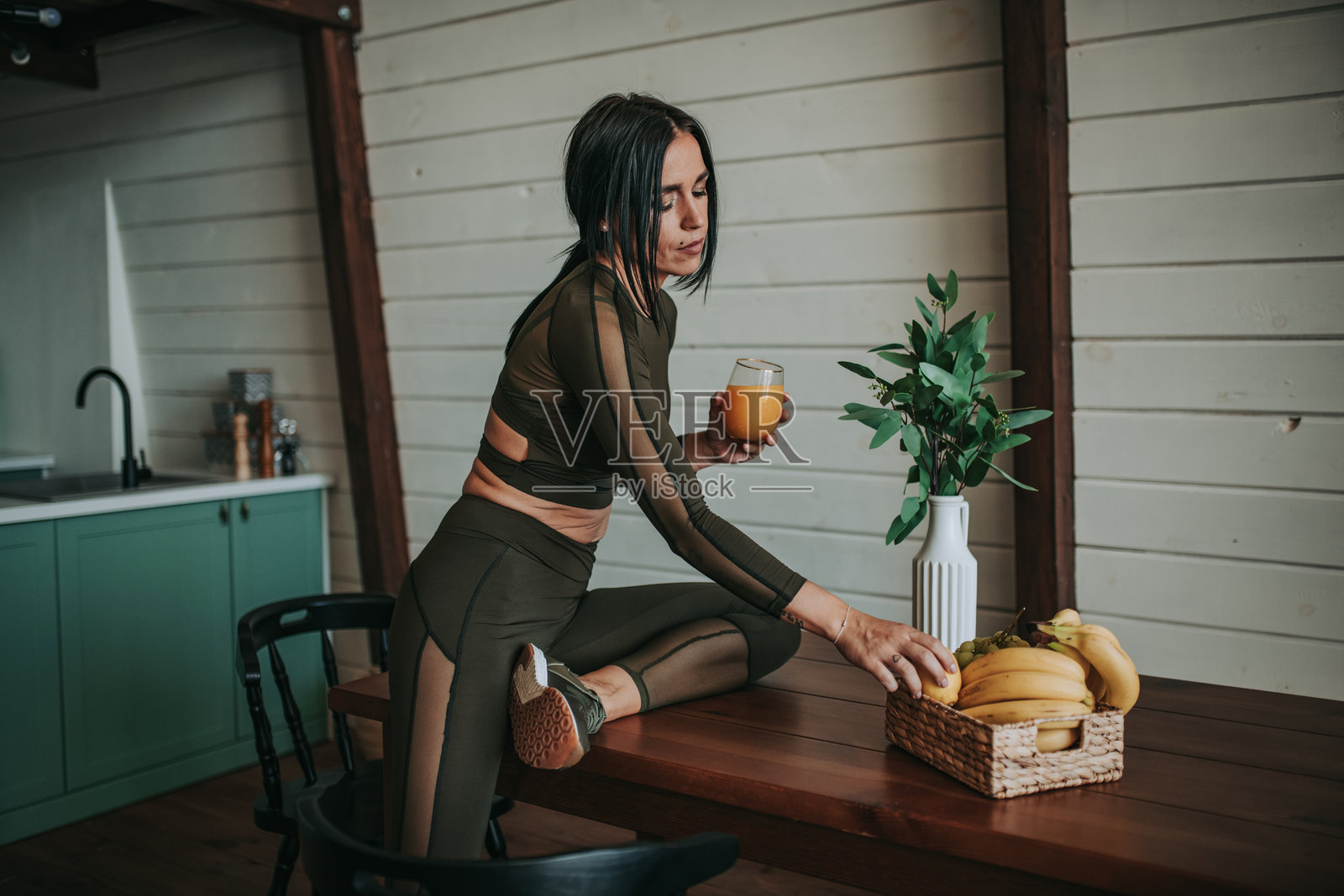 在家中拿着食物的女人照片摄影图片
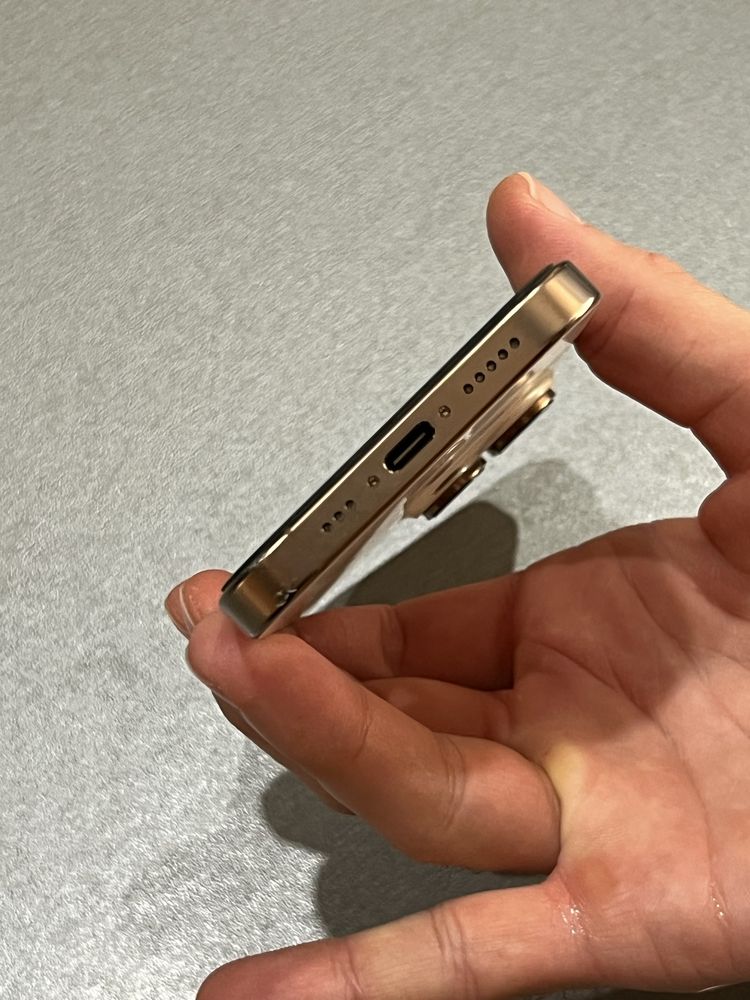 iPhone 16 pro с 128 GB памет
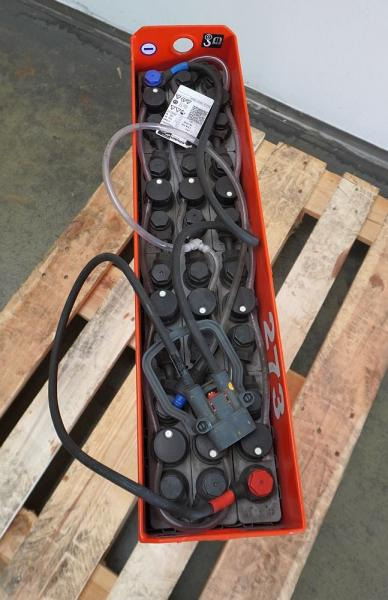 GRUMA 24 Volt 2 PzB 150 Ah - Аккумулятор для Погрузочно-разгрузочной техники: фото 3 GRUMA 24 Volt 2 PzB 150 Ah - Аккумулятор для Погрузочно-разгрузочной техники: фото 3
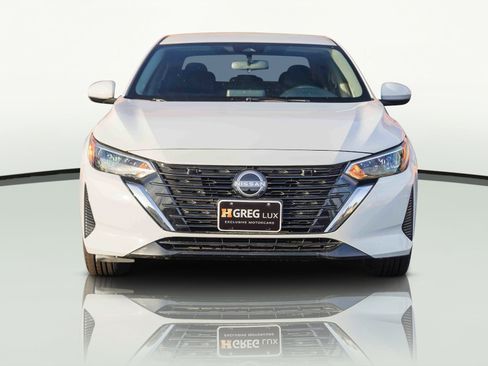 Used 2024 Nissan Sentra SV image 4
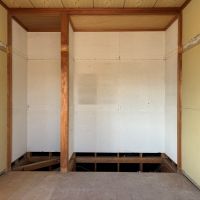 葉山町堀内の売買物件/和室1｜元収納部分。幅の広い一枚板を置いて、仕事用のデスクにする、なんていかがでしょう。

· · · ·

▶ [What the task requires]: Type the material out again exactly. Skip the pictures.

▶ [Task output]:
 在家中拿着食物的女人照片摄影图片
 iPhone 16 pro с 128 GB памет
 GRUMA 24 Volt 2 PzB 150 Ah - Аккумулятор для Погрузочно-разгрузочной техники: фото 3 GRUMA 24 Volt 2 PzB 150 Ah - Аккумулятор для Погрузочно-разгрузочной техники: фото 3
 Used 2024 Nissan Sentra SV image 4
 葉山町堀内の売買物件/和室1｜元収納部分。幅の広い一枚板を置いて、仕事用のデスクにする、なんていかがでしょう。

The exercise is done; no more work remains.